Mr. Langenberg was quoted in the statement as saying, “In retrospect, I should have consulted with the board about this matter.”
At the same meeting, the board informally agreed to ask Mr. Langenberg to step down, and called on Mr. Chapman to discuss a retirement date with the chancellor, according to sources close to the board, who asked that their names not be used.
The regents refused to publicly discuss what transpired during the meeting, saying it involved confidential personnel issues. But the president of the state Senate, Thomas V. Mike Miller, said board members had told him that the departure arrangement they had hoped to propose included “face-saving for all of the parties involved, including a period of time for Mr. Langenberg to consider other positions” within the university system.
Mr. Glendening intervened on Mr. Langenberg’s behalf, meeting with Mr. Chapman and urging that he ask the board to drop the matter, according to the governor’s press secretary, Michelle Byrnie. She said Mr. Glendening wanted stability in the system at a time when he is asking lawmakers to substantially increase appropriations for public-college operations, as well as to spend $1.23-billion on campus facilities over the next five years.
Some lawmakers have accused Mr. Glendening of improperly interfering in the affairs of the board, but Mr. Chapman said last week that the governor had not told him “anything that could even be remotely interpreted as undermining our authority.”
Several of the system’s university presidents defended Mr. Langenberg. Among them was Catherine R. Gira, president of Frostburg State University, who said she interpreted recent increases in state tax-dollar support for the system -- which has risen more than 10 percent in each of the past two fiscal years -- as “a statement of confidence by the governor and legislature in the leadership of the system.”
Some of the presidents also worried that Mr.
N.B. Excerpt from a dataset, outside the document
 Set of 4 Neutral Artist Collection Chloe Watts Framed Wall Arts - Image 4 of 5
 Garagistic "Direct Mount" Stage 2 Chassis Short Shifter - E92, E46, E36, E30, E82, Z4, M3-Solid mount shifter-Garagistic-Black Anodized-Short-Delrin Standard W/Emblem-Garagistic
Langenberg’s departure would hurt the system’s capital campaign, which has a goal of raising $700-million by 2002.
Other college presidents in the system, however, failed to come to Mr. Langenberg’s defense, and the Board of Regents reportedly came under pressure from some of its own members, as well as some lawmakers, to defy Mr. Glendening’s wishes.
Among those lawmakers pushing for change was Mr. Miller, a Democrat, who frequently had complained that Mr. Langenberg and the university system were failing to provide enough money and autonomy to the flagship campus, at College Park. “Dr. Langenberg is a very fine man,” the senator said. “He is a very thoughtful man. But, in my opinion, he has a difficult time selling himself and his positions to others.”